VVV near-IR (left panel) and Gaia DR 2 optical (right panel) PM-decontaminated CMD for the GC Patchick 99. The red dotted line is fitted by a PARSEC isochrone with age 10 Gyr and metallicity [Fe/H]= − 0.2 dex. The magenta points represent the position of RR Lyrae star members in the near-IR CMD.

4.2. Estimation of physical parameters for Patchick 99

Nowadays, a wide range of reddening maps exist, such as those by Schlafly & Finkbeiner (2011), Gonzalez et al. (2011, 2018), Minniti et al. (2018), Soto et al. (2019), and Saito et al. (2020). We estimate the reddening and the extinction toward this GC following Ruiz-Dern et al. (2018) and we benefit from the clear position of the RC in the CMDs. We adopt the intrinsic RC magnitude MKs = ( − 1.605 ± 0.009) mag and the intrinsic colour (J − Ks)0 = (0.66 ± 0.02) mag.
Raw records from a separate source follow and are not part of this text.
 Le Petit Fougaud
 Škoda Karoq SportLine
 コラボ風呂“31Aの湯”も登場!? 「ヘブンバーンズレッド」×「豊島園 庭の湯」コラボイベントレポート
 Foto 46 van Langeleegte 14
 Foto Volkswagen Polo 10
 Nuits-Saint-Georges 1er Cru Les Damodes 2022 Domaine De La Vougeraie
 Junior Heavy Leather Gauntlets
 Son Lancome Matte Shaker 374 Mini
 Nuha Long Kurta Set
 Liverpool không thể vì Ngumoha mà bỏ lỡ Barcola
Using the latter, we calculate a colour excess of E(J − Ks) = (0.12 ± 0.02) mag, in accordance with the adopted reddening map, and the extinction AKs = 0.72 × E(J − Ks) = (0.09 ± 0.01) mag (Cardelli et al. 1989). Consequently, we use these values in order to determine distances: we measure a distance modulus (m − M)0 = (14.02 ± 0.01) mag equivalent to a heliocentric distance D = (6.4 ± 0.2) kpc.
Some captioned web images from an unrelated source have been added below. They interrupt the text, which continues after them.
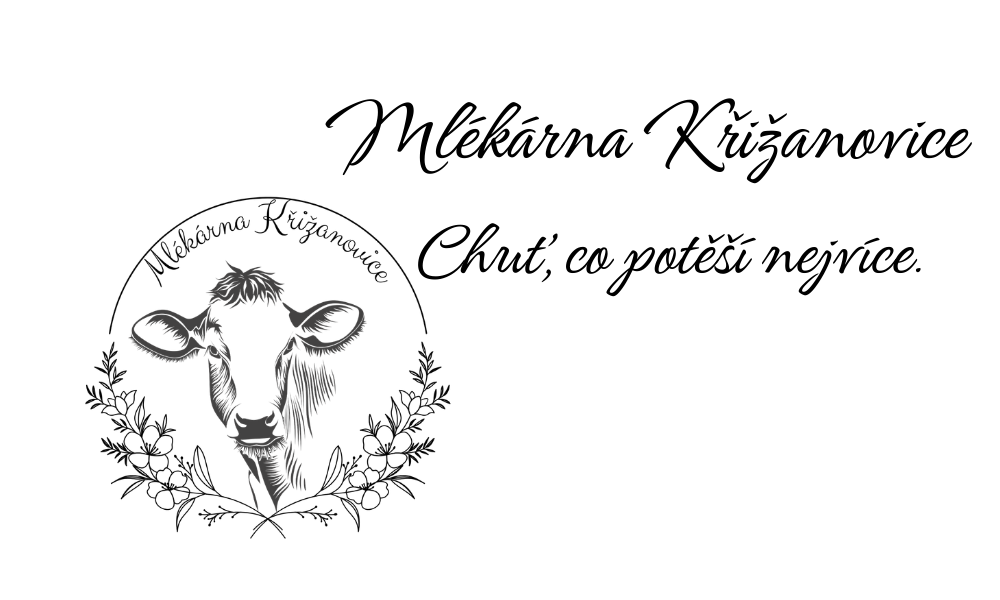 Mlékárna Křižanovice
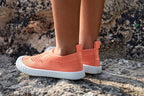 Lassig All-round Sneaker - coral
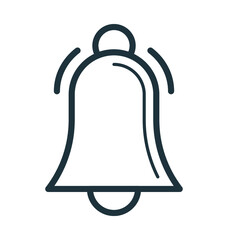 Bell Vector Icon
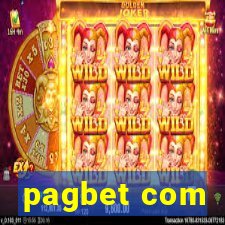 pagbet com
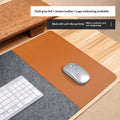 Non-slip Book Pad Gaming Mouse Pad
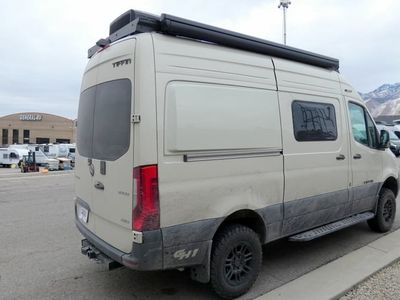 2026 Tiffin GH1 - Photo 4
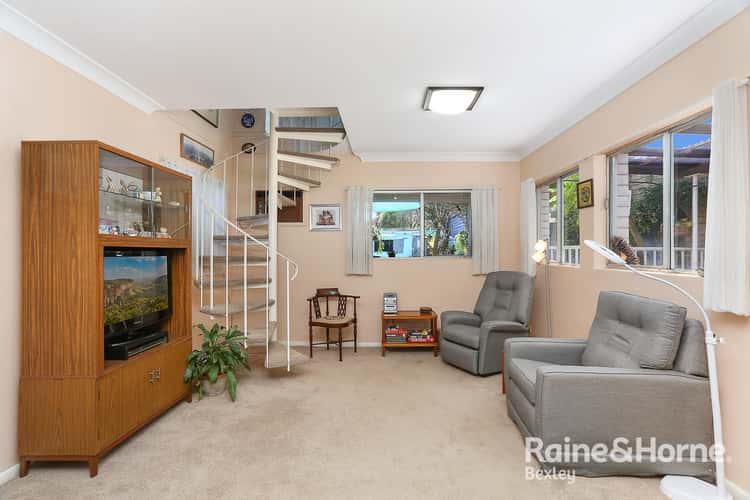 Second view of Homely house listing, 90 Stoney Creek Road, Bexley NSW 2207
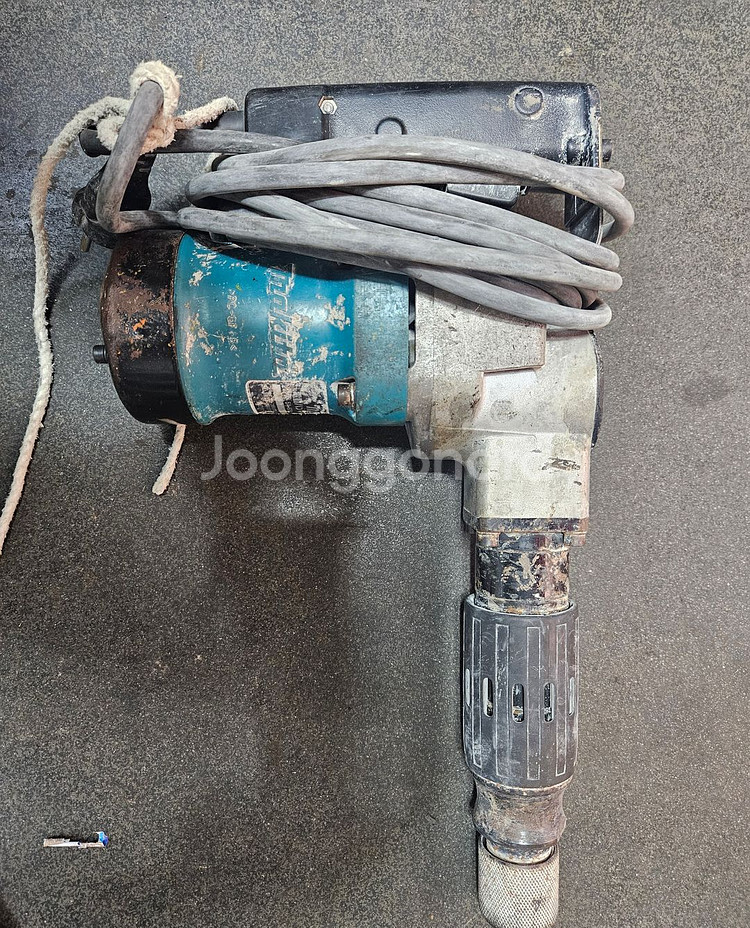 마끼다 파괴함마 0810 브레카 함마드릴 중고팔아요--0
Similarly, for optical wavebands we identify again RC stars and adopt the intrinsic RC magnitude MG = (0.459 ± 0.009) mag (Ruiz-Dern et al. 2018). The near-IR extinction AKs = (0.09 ± 0.01) mag corresponds to the optical extinction AG = 0.86 × AV = (0.68 ± 0.08) mag, deriving also E(BP − RP) = AG/3.12 = (0.21 ± 0.03) mag (Cardelli et al. 1989; O’Donnell 1994). Therefore, the resulting cluster distance modulus from the Gaia optical photometry is (m − M)0 = (14.23 ± 0.1) mag and the distance D = (7.0 ± 0.2) kpc agrees within 3σ with our near-IR distance.

Using our estimates of the reddening and distance we were able to fit PARSEC4 isochrones (Bressan et al. 2012; Marigo et al. 2017) to the CMDs of Patchick 99. This allows us to estimate the metallicity and the age of the GC, finding [Fe/H]=(−0.2 ± 0.2) dex and t = (10 ± 2.0) Gyr, respectively. In order to obtain a more robust result, we also derived the metallicity from the slope of the RGB (α = 0.11 ± 0.01) using the calibration of Cohen et al. (2016), finding [Fe/H]= − 0.3 ± 0.2 dex, in agreement with our original estimate. Figure 7 shows a good fit of the isochrones with the above-mentioned values of metallicity and age in both our optical and near-IR CMDs. We determined the errors in age and in metallicity by changing the isochrones at a fixed metallicity and a fixed age, respectively, until they no longer fit the cluster sequence simultaneously in the near-IR and optical CMDs. Therefore, it is clear that although age is one of the fundamental parameters to characterise GCs, its correct determination is still one of the most complicated tasks to perform, especially in environments with high stellar density and with differential reddening, such as the Galactic bulge. This is mainly due to difficulties in reaching the main sequence turn-off (MS-TO) point. We can see this problem in Fig. 8, which displays the VVV and 2MASS PM-decontaminated CMDs. We include 2MASS cluster members with Ks < 11 mag, as they are more sensitive to the metallicity variations (e.g., McQuinn et al. 2019). We can see that variations in metallicity have an especially strong effect along the RGB and RC; vice versa, we can see evident changes in age in the MS-TO region. For this reason our age should be taken as a crude estimate, because we are unable to measure it precisely.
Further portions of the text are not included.